Hari guru yang diperingati setiap 25 november semoga dapat dijadikan momen evaluasi dan penggerak agar bangsa ini bisa mencapai cita-cita luhurnya. Bertebarnya ucapan selamat di setiap media sosial mengingatkan betapa jasa profesi ini luhur dan bisa menginspirasi.
Beberapa sosok "guru" coba kita kemukakan disini;
1. Tino Sidin
Sosok yang melegenda terutama bagi generasi 1980-an, menghiasasi program televisi berupa belajar menggambar. Pada momen hari guru 25 november 2020 ini fotonya menghiasi laman google search engine. Uniknya, pak Tino mulai mendalami ilmu menggambar di Akademi Seni Rupa Indonesia Yogyakarta pada tahun 1961, yang sebelumnya dilakukan dengan cara otodidak.
Di Kota Pelajar Yogjakarta, kariernya sebagai guru gambar melesat dan karena kepiawaiannya dalam menggambar, Pak Tino diminta mengisi acara Gemar Menggambar di TVRI Yogyakarta pada 1976 sampai 1978. Lalu 10 tahun kemudian, acara tv yang dibawakannya diambil alih TVRI pusat di Jakarta,sehingga jangkauan acara itu meluas ke banyak wilayah Indonesia.
Hal menarik saat tampil adalah dengan sikap ramah dan selalu memuji apapun hasil gambar yang dikirimkan ke studio TVRI. Kehangatan beliau memberikan dorongan dan membangkitkan minat dan gairah serta keberanian menggambar kepada mereka dengan suatu sistem dan contoh. Baginya menggambar dapat merangsang imajinasi dan kreativitas, juga bisa menjadi penyaluran emosi bagi anak-anak.

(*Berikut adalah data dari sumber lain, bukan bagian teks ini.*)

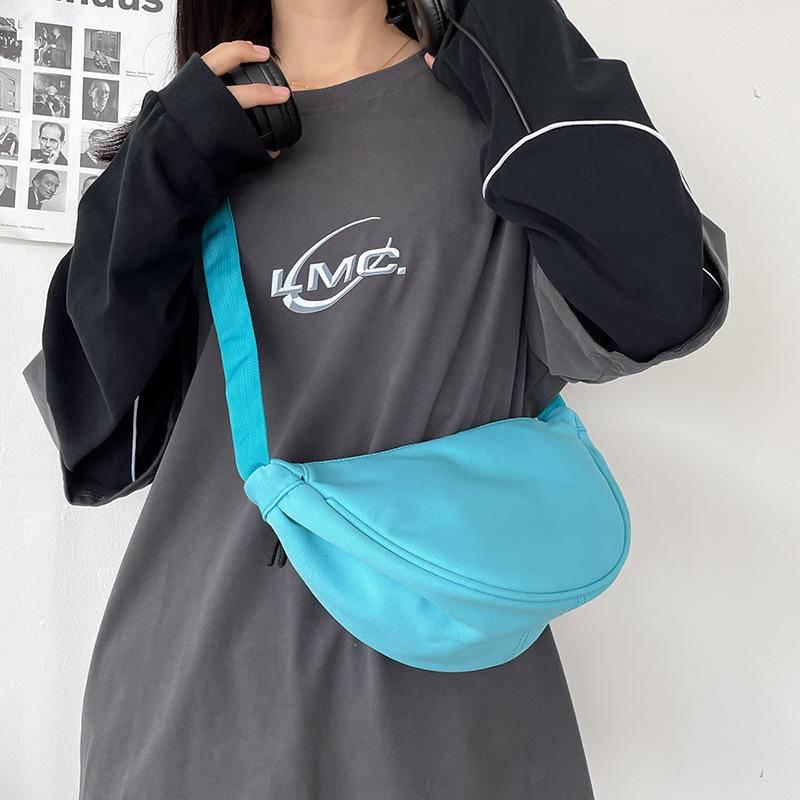 韓國ins艺文休閒純色少女學生小包包日系原宿簡約餃子包斜挎包女-細節圖2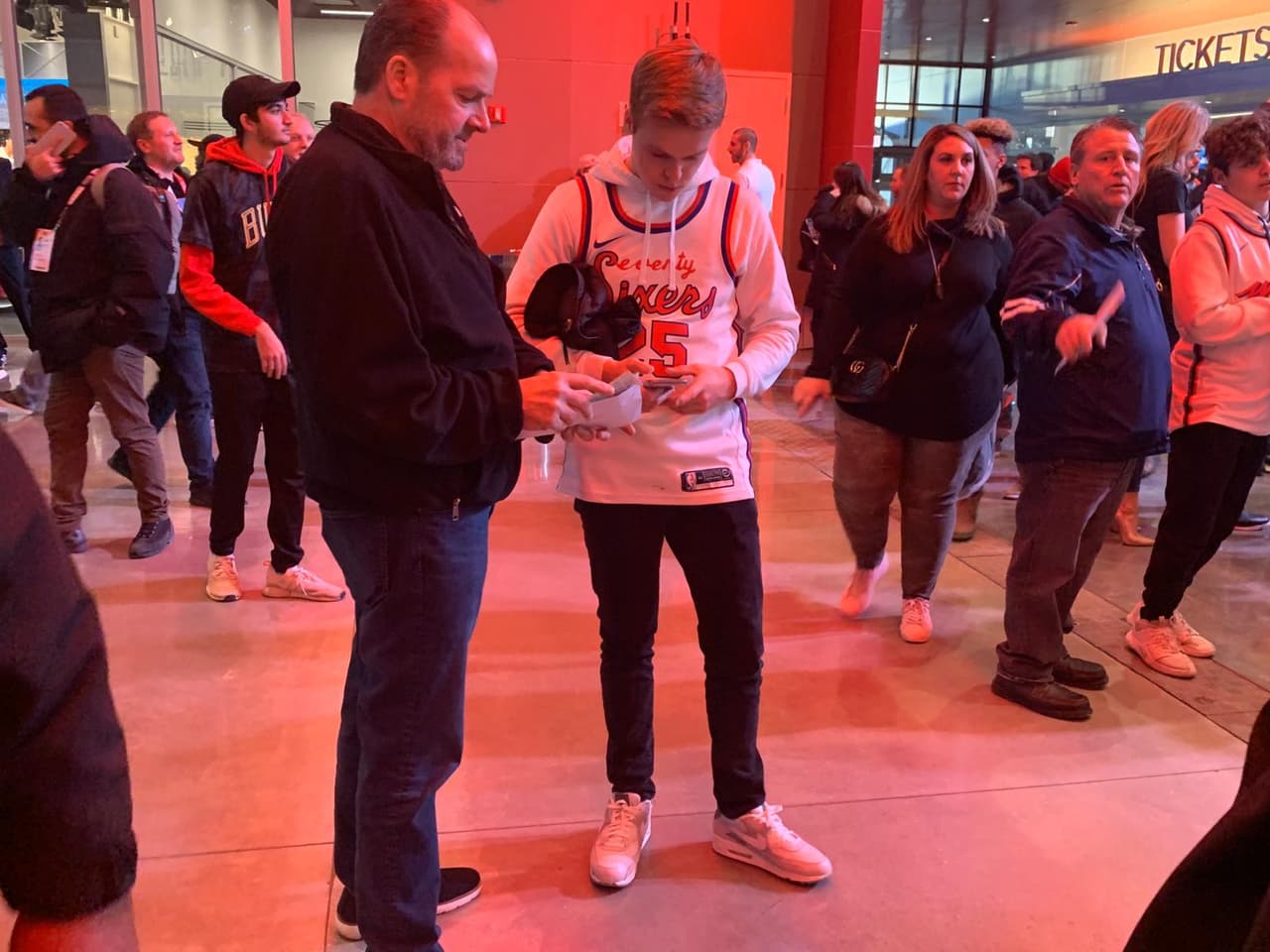 Así se vive la pasión del NBA All-Star Game muy colorido y con gente emocionada para disfrutar de este encuentro.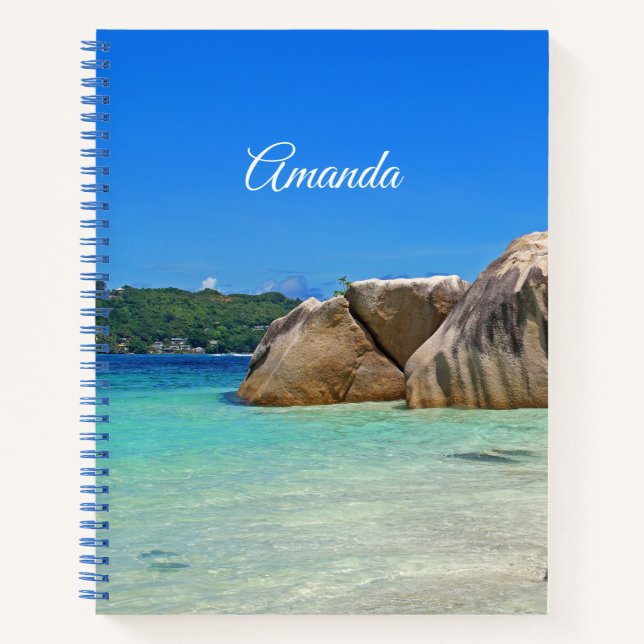 Cuaderno Hermoso mar tropical con una playa rocosa (Anverso)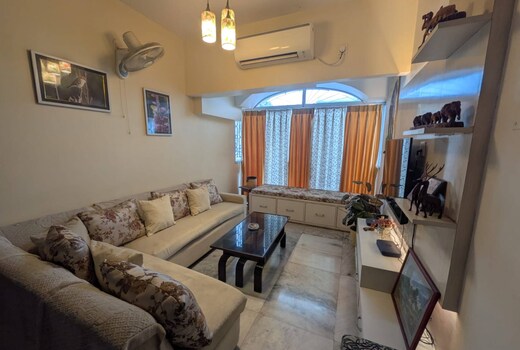 AshKrish Stays - Cozy Premium Room in an Apartment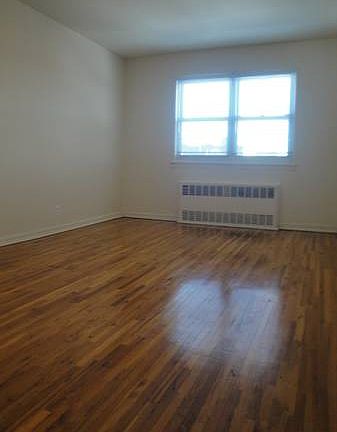 5th image of 3019 34th St #3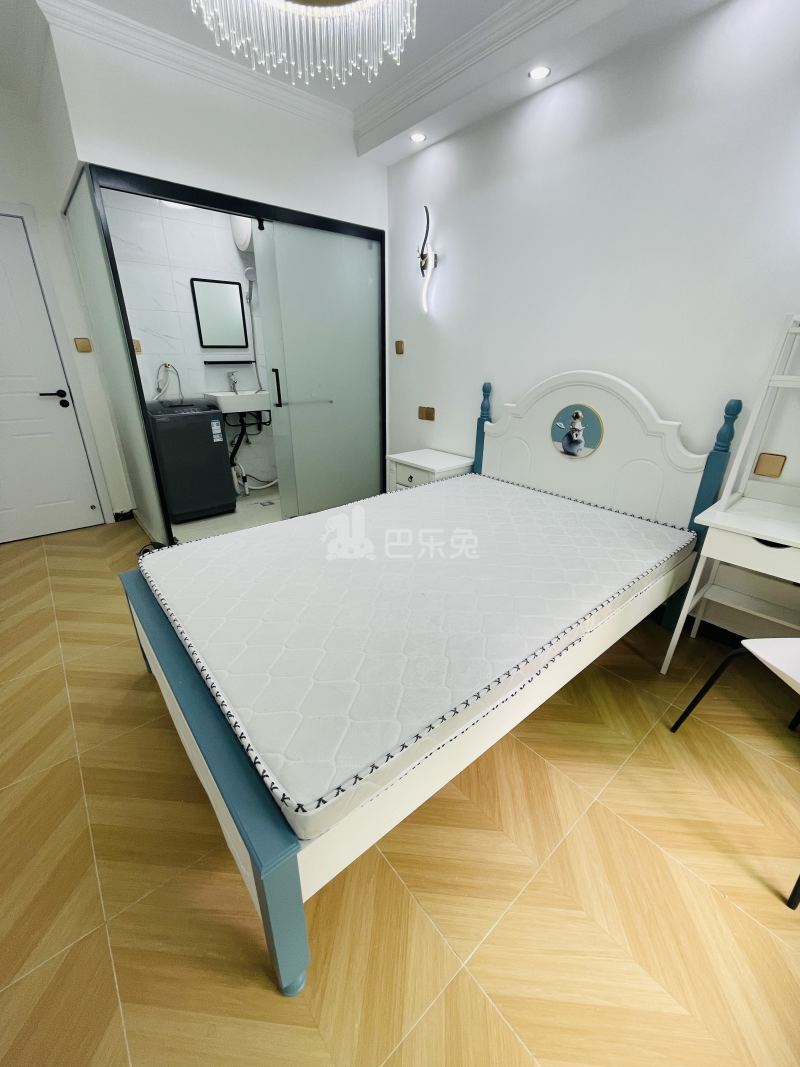 丽和苑10032293客厅图2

Beberapa karya beliau menjadi koleksi di Taman Pak Tino Sidin yang berlokasi di kediamannya Yogyakarta. Di lokasi ini pengunjung bisa belajar menggambar mengikuti instruksi menggambar Pak Tino Sidin yang biasa beliau bawakan di masa lalu, seolah-olah mereka sedang berinteraksi dengan Pak Tino Sidin secara langsung.
2. KH Rahmat Abdullah
Sosok yang lekat pada generasi tahun 1990an, khususnya bagi yang berkecimpung didunia kerohanian Islam. Beliau adalah murid K.H. Abdullah Syafi’i yang lahir di Jakarta pada 3 Juli 1953. Kedua orangtuanya asli Betawi, tapi ia selalu menolak memakai kata itu. Baginya Betawi berbau kolonial, maka ia lebih memilih Jayakarta. Saat usianya baru 11, bapaknya meninggal dunia
Sosoknya yang lembut namun memiliki kata-kata yang kuat akan introspeksi dalam upaya penyadaran pentingnya berdakwah. Tulisan-tulisannya, meski tak banyak, tapi tegas menyampaikan satu pokok pikiran: bahwa berbual-bual dan cakap pengetahuan tak cukup jika tidak ditopang keyakinan yang kokoh. Baginya seorang pendakwah agar tetap kuat saat diterpa ujian, diuji dengan kesusahan, penderitaan bahkan diuji oleh Allah dengan kenikmatan.
Kehidupannya diwarnai kesibukan yang luar biasa: mengajar, memberi taujih pada acara kepartaian, ceramah di sejumlah stasiun radio dan televisi, mengisi seminar keislaman di berbagai daerah dan luar negeri, melakukan lobi politik dengan berbagai kalangan, dan menulis artikel di sejumlah media cetak.